Exercise description:
Exclude all pictures. Then restate, word for word, the entries from the first line through the line that contains "Greetings and welcome".

Stored items
* * * * * * *

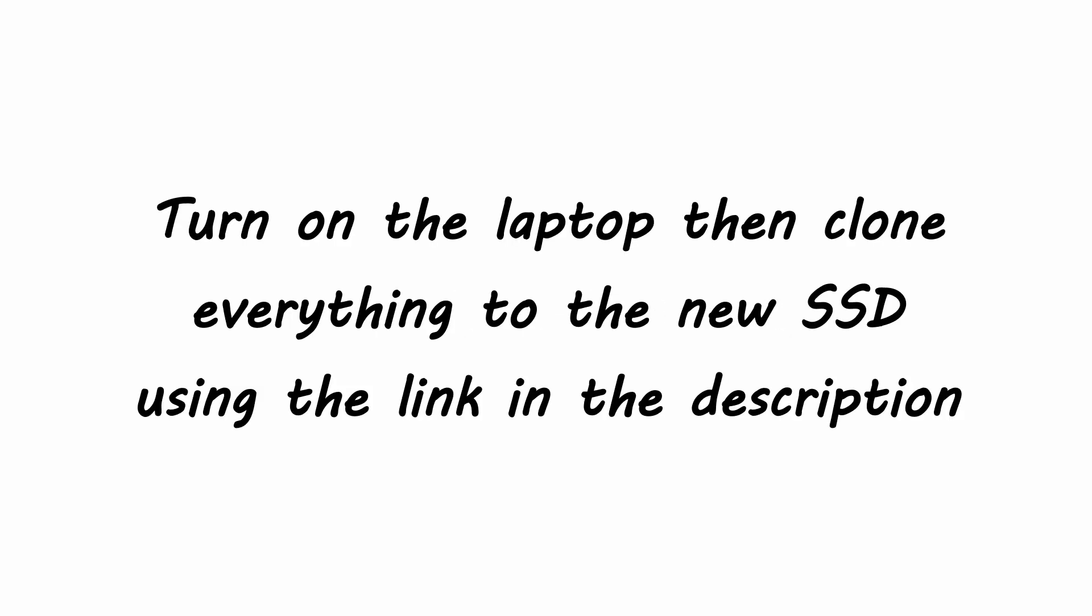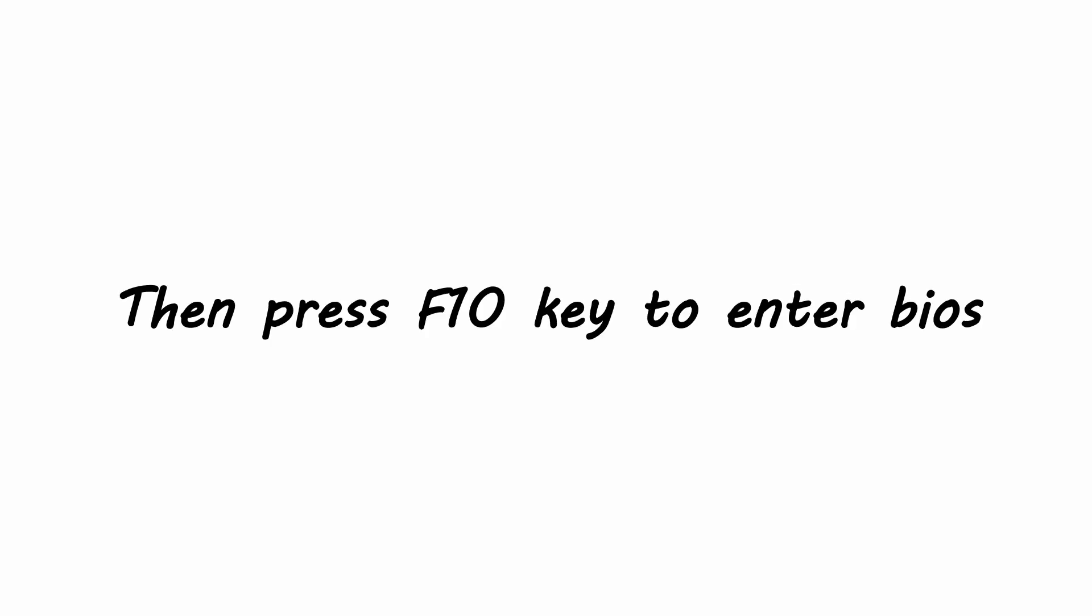Turn on the laptop then clone everything to the new SSD using the link in the description. Restart the laptop after cloning, then press F10 key to enter BIOS.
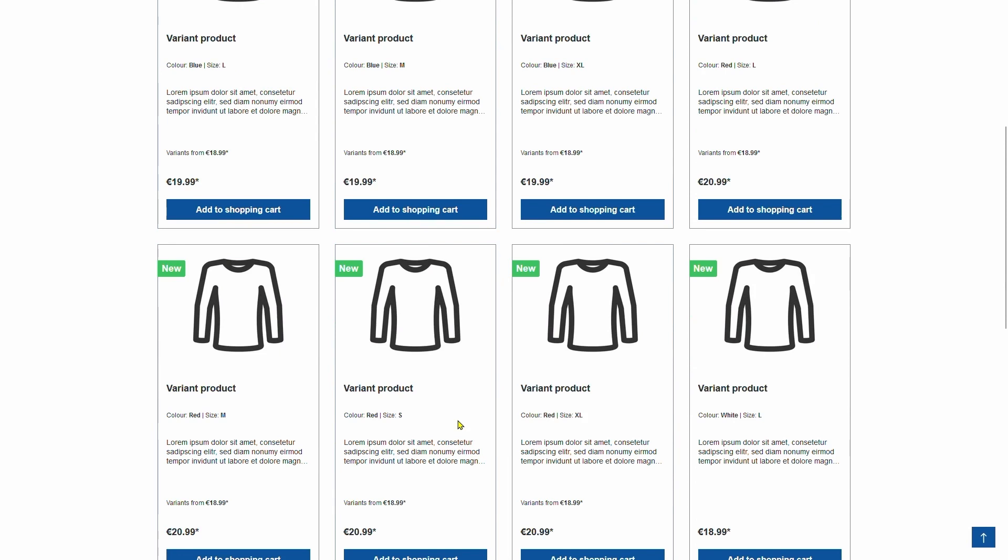And that about covers all there is to it when it comes to adding variant products and concludes this video.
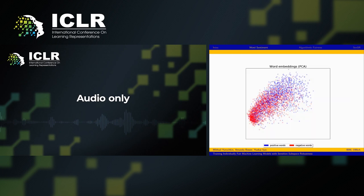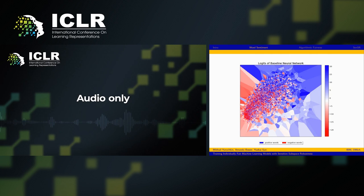To explain our paper, we will walk through an example of predicting whether a word has positive or negative sentiment given its word embedding. Training a neural network on this data, we obtain the following plot of logits.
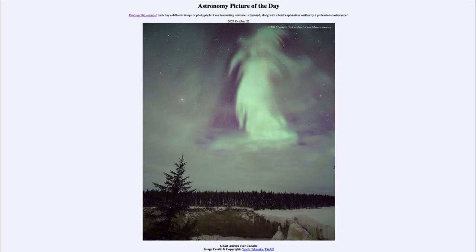Greetings and welcome to the introduction to astronomy. One of the things that I like to do in each of my introductory astronomy classes is to begin the class with the astronomy picture of the day from the NASA website, that is apod.nasa.gov/apod. Today's picture is for October 22nd of 2023.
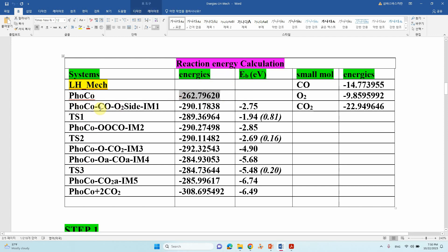The second system is PHO-Co with CO side-on bound — that is IM1. Then this is the TS1 energy. This is the peroxo-type intermediate OOCO energy, which is IM2. This is the TS2 energy. Then this is the CO-OCO2 — the first CO2 molecule formation energy. This is O-adsorbed and CO-adsorbed IM4 energy. Then TS3. After TS3 the second CO2 molecule forms. CO2(a) means adsorbed — that is IM5 and its energy.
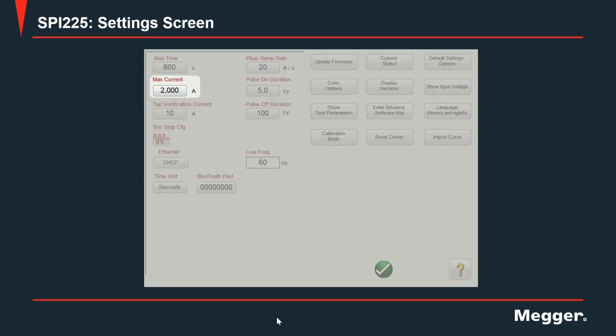When this setting is used and a user requests a higher than this maximum current setting is set to, the software will just give the user an error message indicating that current exceeds the value set in the settings as a maximum current.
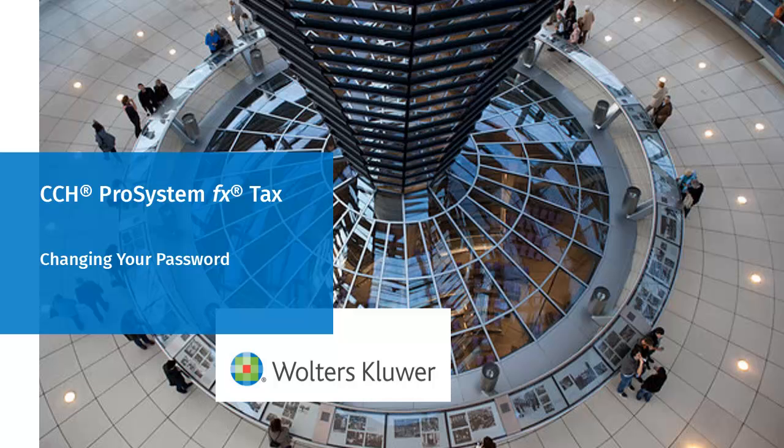Hello, welcome to the video to learn how to change your password using CCH ProSystem FxTax.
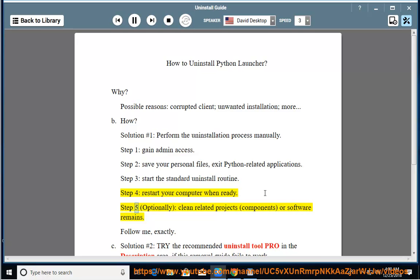Step 5 (optional): clean related projects, components, or software remains. Follow me, exactly.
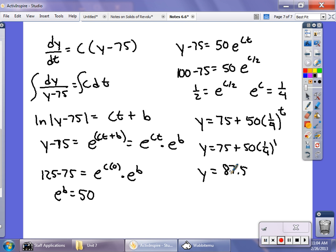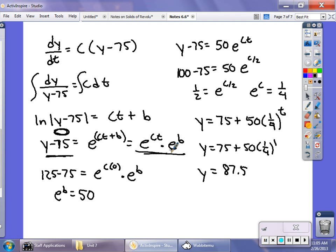In most Newton's Law of Cooling problems you can skip directly to the integrated form. The surrounding room temperature goes here, then find the first constant using the initial condition, then use additional given information to find the constant of variation and write the equation. A little more on separation of variables and solving for constants in the next video, but for now we're working on word problems in exponential growth and exponential decay.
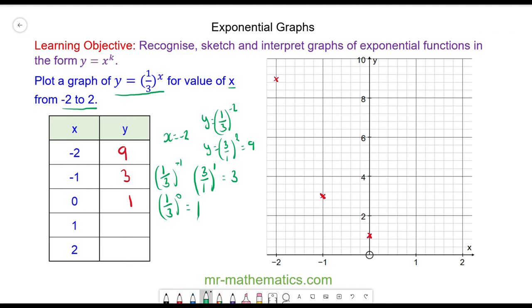When x is equal to 1, one-third to the power of 1 is 0.3 recurring, or just one-third. We can estimate this point and plot it on the graph.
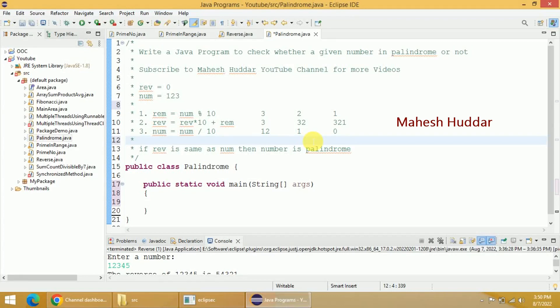Hi, welcome back. In this video, I will discuss how to write a Java program to check whether a given number is palindrome or not.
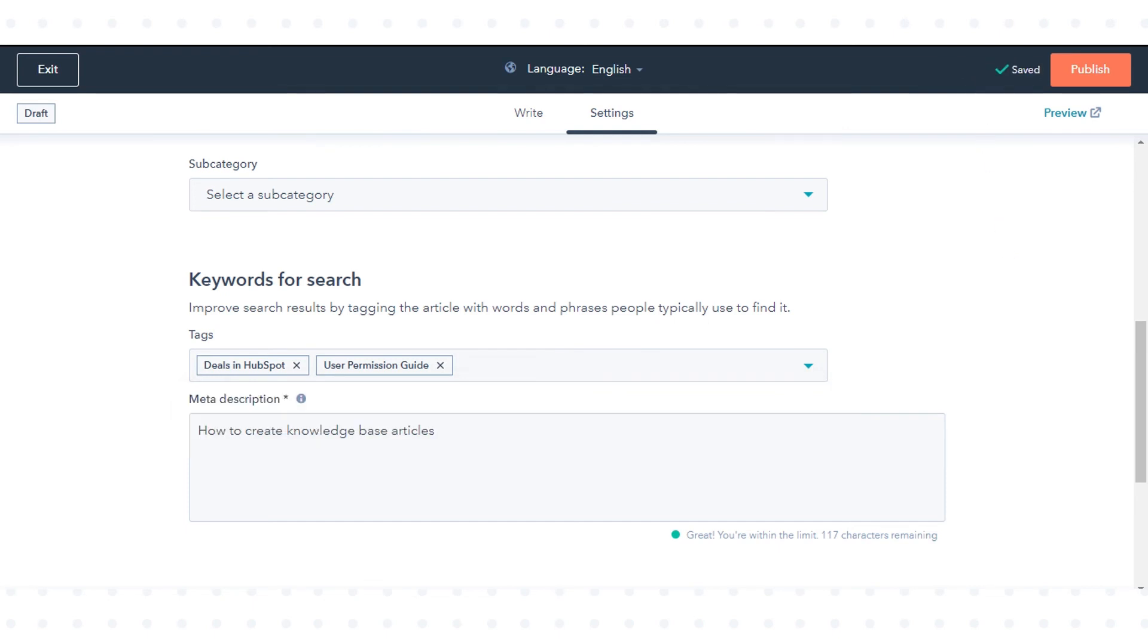That's how you can organize your knowledge base articles, categories and tags in HubSpot.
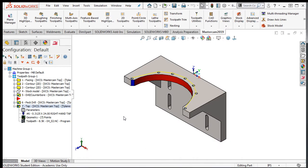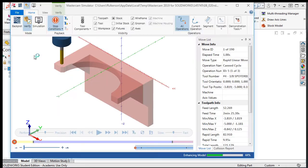At this point I'll launch the verify simulator and simulate the toolpaths.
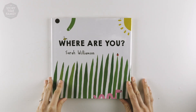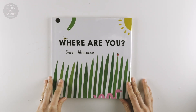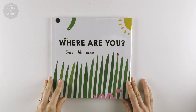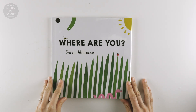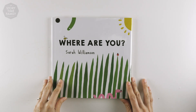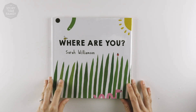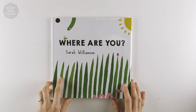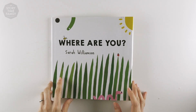How's it going kids? Welcome to the Storytime family. We are going to be reading Where Are You by Sarah Williamson. Let's check it out.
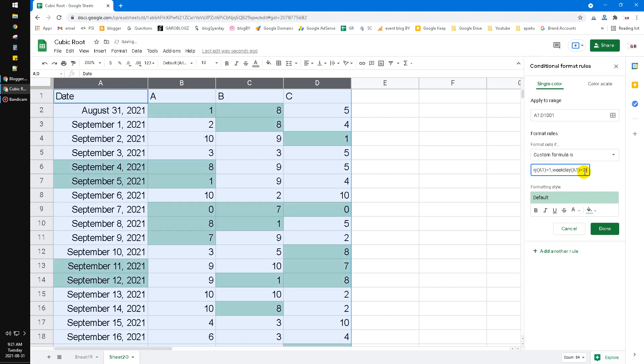Now the formula is already correct but the color is not really good because it's scrambling around your data. The problem is you have to put the absolute reference on your row.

* * * * * * *

Task answer:
Turn on the laptop then clone everything to the new SSD using the link in the description. Restart the laptop after cloning, then press F10 key to enter BIOS.
And that about covers all there is to it when it comes to adding variant products and concludes this video.
To explain our paper, we will walk through an example of predicting whether a word has positive or negative sentiment given its word embedding. Training a neural network on this data, we obtain the following plot of logits.
Greetings and welcome to the introduction to astronomy. One of the things that I like to do in each of my introductory astronomy classes is to begin the class with the astronomy picture of the day from the NASA website, that is apod.nasa.gov/apod. Today's picture is for October 22nd of 2023.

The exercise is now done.